A photo of ruinous Eilean Donan Castle, taken sometime before 1911.
A photo of ruinous Eilean Donan Castle, taken sometime before 1911.

Capture of Eilean Donan Castle

battlefieldscastlesjacobite-risingshistorical-sites
3 min read

The Spanish garrison at Eilean Donan Castle made a fateful decision on the evening of 10 May 1719. When a boat approached under a flag of truce from the three English warships anchored in Loch Alsh, the forty or so marines inside the fortress opened fire. Whether this was a misunderstanding, a deliberate provocation, or simple panic is unclear from the surviving accounts. What is clear is the consequence: the warships HMS Worcester, HMS Flamborough, and HMS Enterprise spent the next day reducing the medieval castle to rubble. The destruction was so thorough that Eilean Donan would stand as a ruin for more than two hundred years.

Spain's Foothold in the Highlands

The Spanish presence at Eilean Donan was part of Cardinal Alberoni's broader scheme to destabilize Britain during the War of the Quadruple Alliance. In April 1719, two Spanish frigates landed the Marquis of Tullibardine, the Earl Marischal, and roughly three hundred marines on Scotland's west coast. They chose Eilean Donan as their base -- a logical decision, given the castle's position at the confluence of three sea lochs, where it had controlled access to Kintail for centuries. The Spaniards stored their munitions there: 343 barrels of gunpowder and 52 barrels of musket shot, a substantial arsenal intended to arm the Highland clans gathering for the rising. A garrison of forty to fifty marines was left to hold the castle while the main Jacobite force moved inland toward Glen Shiel.

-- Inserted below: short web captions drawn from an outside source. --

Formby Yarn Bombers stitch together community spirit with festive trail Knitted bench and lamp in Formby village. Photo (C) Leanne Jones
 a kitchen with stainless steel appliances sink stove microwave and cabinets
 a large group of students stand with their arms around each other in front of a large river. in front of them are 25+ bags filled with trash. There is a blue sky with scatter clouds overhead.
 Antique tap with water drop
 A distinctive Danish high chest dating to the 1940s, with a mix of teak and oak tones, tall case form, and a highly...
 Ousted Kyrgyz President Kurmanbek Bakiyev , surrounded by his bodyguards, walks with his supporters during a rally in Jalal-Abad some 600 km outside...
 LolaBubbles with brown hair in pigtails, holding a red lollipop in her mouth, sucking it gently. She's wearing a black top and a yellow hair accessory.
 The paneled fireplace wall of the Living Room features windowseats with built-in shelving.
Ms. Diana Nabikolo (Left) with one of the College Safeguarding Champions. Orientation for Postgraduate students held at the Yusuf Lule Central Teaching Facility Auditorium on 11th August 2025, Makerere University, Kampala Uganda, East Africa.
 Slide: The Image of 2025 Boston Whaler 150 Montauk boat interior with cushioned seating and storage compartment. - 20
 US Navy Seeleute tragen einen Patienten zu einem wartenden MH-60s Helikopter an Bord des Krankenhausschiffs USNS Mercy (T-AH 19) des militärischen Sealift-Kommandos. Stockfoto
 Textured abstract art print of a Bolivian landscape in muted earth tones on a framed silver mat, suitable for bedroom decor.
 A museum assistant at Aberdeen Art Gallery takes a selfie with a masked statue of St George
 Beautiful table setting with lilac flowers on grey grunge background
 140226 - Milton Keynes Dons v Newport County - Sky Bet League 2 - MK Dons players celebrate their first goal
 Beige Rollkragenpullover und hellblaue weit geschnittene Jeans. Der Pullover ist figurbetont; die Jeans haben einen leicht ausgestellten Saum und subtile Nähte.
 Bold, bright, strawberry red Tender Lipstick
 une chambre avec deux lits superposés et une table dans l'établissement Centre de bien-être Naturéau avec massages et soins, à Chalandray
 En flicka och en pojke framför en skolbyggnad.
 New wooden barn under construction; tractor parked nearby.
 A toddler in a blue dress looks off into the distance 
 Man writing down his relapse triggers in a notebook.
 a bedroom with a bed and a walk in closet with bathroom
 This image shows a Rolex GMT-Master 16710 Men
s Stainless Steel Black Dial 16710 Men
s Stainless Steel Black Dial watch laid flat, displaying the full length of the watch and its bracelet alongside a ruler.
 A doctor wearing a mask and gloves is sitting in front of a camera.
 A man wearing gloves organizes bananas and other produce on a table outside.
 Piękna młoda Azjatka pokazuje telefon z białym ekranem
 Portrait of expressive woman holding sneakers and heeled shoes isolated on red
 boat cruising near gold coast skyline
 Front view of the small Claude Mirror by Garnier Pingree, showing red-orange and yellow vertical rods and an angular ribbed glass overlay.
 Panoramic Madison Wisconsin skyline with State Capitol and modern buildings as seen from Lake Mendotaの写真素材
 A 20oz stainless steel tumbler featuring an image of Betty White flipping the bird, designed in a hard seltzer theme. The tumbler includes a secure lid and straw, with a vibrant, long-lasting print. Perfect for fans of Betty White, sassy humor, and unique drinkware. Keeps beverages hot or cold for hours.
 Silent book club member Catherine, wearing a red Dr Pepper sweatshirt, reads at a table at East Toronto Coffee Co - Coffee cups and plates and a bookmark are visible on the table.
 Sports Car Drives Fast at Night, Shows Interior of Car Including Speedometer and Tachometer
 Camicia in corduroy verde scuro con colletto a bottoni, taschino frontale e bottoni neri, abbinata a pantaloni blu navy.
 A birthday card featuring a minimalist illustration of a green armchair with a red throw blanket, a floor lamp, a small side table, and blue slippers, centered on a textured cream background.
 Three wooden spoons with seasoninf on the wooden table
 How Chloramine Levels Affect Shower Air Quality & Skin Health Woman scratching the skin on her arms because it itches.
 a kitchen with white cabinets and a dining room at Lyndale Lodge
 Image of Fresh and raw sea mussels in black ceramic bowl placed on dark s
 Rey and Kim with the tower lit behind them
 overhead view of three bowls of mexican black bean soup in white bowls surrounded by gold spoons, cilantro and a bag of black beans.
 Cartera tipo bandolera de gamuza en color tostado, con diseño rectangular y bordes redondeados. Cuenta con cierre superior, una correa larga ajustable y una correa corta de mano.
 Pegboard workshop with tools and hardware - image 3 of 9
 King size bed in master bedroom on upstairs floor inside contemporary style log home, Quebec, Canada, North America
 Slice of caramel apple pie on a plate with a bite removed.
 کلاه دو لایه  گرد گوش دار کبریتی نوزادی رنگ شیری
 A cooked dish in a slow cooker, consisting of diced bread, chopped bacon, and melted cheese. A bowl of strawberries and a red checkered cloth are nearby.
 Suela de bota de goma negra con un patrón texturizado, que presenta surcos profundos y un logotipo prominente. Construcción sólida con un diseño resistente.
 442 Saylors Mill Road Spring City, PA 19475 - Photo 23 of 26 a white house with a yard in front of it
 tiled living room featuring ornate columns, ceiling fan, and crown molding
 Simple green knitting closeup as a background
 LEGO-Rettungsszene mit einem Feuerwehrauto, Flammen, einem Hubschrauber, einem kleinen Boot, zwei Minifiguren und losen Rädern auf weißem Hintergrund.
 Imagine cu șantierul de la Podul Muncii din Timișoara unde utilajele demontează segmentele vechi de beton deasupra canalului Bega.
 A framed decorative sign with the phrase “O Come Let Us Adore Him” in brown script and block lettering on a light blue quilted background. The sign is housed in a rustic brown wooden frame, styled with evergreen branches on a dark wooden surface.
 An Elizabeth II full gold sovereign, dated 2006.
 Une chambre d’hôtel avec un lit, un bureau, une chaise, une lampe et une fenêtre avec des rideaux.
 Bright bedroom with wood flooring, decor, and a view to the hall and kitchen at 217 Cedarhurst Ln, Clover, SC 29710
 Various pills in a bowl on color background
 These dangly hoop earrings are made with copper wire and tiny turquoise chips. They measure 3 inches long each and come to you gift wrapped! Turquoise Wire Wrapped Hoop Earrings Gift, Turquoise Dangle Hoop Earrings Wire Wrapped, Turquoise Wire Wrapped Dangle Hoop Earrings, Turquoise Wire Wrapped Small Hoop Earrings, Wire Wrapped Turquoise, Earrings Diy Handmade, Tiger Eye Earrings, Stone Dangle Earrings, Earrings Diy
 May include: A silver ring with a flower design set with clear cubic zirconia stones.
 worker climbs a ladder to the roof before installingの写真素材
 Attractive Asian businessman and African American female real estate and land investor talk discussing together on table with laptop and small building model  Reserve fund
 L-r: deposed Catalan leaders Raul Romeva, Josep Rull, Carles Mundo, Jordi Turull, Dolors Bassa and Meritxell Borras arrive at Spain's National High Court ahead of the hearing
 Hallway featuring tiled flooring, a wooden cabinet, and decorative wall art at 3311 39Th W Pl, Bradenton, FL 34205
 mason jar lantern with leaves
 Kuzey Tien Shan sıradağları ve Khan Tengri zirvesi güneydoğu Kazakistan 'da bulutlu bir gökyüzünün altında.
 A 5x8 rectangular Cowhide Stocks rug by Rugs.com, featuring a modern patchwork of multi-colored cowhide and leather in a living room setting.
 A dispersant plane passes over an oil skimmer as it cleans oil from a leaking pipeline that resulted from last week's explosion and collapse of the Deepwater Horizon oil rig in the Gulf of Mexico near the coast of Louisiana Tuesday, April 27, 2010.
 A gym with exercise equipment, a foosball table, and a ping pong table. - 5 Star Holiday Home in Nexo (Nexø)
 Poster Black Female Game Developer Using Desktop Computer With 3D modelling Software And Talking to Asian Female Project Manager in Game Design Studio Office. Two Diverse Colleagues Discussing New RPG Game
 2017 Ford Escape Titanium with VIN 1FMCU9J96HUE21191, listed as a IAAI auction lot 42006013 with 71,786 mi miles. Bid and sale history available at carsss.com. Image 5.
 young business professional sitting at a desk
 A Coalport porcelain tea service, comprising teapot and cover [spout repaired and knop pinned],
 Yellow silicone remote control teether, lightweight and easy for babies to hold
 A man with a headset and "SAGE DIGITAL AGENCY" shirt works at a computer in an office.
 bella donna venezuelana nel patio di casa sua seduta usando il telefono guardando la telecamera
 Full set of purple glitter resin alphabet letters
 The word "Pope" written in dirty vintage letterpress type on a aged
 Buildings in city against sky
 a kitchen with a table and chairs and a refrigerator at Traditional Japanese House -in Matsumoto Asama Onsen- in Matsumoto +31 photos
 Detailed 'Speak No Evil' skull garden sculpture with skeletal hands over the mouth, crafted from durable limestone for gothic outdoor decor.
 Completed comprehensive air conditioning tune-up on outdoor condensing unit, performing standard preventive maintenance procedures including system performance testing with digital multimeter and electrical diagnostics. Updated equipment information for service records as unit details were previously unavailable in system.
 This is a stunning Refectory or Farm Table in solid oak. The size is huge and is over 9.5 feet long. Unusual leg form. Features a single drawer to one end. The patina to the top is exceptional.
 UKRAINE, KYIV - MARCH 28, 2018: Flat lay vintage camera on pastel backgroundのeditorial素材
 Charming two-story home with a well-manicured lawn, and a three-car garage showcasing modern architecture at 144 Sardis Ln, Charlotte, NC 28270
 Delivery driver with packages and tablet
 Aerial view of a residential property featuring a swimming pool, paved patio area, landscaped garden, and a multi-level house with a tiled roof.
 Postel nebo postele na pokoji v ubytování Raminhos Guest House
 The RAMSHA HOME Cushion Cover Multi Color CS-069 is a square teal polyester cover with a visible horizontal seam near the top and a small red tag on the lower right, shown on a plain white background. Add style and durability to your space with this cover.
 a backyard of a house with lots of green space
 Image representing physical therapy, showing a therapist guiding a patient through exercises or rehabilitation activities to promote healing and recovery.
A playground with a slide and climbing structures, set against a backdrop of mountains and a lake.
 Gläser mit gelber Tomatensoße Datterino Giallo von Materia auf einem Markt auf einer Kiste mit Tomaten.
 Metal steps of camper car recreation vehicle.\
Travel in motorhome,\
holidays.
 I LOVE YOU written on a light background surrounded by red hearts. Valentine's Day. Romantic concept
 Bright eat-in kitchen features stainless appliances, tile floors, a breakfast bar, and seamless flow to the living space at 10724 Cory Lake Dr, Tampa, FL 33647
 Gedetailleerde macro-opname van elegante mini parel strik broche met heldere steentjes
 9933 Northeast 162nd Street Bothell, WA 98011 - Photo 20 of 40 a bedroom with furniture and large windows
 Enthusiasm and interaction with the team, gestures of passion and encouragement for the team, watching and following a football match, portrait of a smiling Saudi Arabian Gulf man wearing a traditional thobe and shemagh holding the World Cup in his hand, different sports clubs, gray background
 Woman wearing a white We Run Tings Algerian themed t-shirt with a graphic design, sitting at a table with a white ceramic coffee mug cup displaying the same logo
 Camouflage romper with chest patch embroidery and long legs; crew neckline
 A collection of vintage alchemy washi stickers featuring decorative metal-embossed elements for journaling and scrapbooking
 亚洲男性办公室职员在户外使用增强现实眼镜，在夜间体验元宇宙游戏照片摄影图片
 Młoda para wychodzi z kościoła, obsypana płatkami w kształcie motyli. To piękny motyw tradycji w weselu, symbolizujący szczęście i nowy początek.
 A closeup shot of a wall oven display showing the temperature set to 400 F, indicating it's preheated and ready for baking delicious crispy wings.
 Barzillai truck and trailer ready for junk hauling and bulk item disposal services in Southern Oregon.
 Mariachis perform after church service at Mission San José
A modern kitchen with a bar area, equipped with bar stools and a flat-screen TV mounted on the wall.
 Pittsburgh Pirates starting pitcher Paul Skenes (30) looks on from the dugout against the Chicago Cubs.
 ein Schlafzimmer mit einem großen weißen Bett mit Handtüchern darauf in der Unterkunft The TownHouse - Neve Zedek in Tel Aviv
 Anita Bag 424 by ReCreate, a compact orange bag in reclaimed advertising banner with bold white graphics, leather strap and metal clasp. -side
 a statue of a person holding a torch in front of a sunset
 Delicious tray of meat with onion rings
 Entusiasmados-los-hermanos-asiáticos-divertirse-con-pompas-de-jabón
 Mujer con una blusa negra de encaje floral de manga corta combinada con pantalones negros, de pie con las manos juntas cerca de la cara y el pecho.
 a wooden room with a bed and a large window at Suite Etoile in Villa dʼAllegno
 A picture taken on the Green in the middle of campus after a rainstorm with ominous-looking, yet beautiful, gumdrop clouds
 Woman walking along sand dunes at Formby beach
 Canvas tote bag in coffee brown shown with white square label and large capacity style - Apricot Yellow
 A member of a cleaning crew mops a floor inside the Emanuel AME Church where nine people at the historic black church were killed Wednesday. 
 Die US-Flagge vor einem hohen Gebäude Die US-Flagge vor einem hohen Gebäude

The Flag, the Shot, and the Bombardment

Captain Boyle of HMS Worcester had intelligence about the Spanish garrison and arrived at Loch Alsh on 10 May with his small squadron. The events of that evening set the tone for what followed. When the Spanish fired on the truce boat, Boyle abandoned diplomacy. The next morning the three warships opened a sustained bombardment. Medieval walls built to resist swords and siege ladders offered poor defense against naval cannon. The Spanish garrison, overwhelmed, surrendered after the bombardment breached the defenses. The English landing parties found the castle's magazine intact -- all 343 barrels of powder and the 52 barrels of shot that were meant to supply a Highland rising. Rather than carry this arsenal away, they used a portion of the captured gunpowder to demolish what the cannonballs had not already destroyed.

Two Centuries of Silence

The demolition was devastatingly effective. Eilean Donan, which had stood in some form since the thirteenth century, was reduced to a shell. The walls that had sheltered Clan Mackenzie and their MacRae constables, that had withstood clan feuds and political intrigue for four hundred years, now stood open to the weather of Loch Duich. The loss of the Spanish arms cache also doomed the rising itself. Without powder and shot, the Jacobite force that assembled at Glen Shiel a month later fought at a severe disadvantage, and the battle on 10 June ended the 1719 rebellion in a single afternoon. The ruins of Eilean Donan became a landmark of romantic desolation. It was not until 1919, exactly two hundred years after the destruction, that Lieutenant Colonel John MacRae-Gilstrap purchased the island and began a painstaking reconstruction that took thirteen years. The castle visitors see today -- one of the most photographed in Scotland -- is largely his creation, built on the bones of what three Royal Navy warships left behind.

From the Air

Eilean Donan Castle sits at 57.27°N, 5.52°W on a small tidal island at the confluence of Loch Duich, Loch Long, and Loch Alsh. The castle and its stone bridge are clearly visible from the air. The A87 road passes nearby. Kyle of Lochalsh lies approximately 5 nm to the west. Nearest airports: Broadford (Isle of Skye) approximately 15 nm to the west; Inverness (EGPE) approximately 50 nm to the east.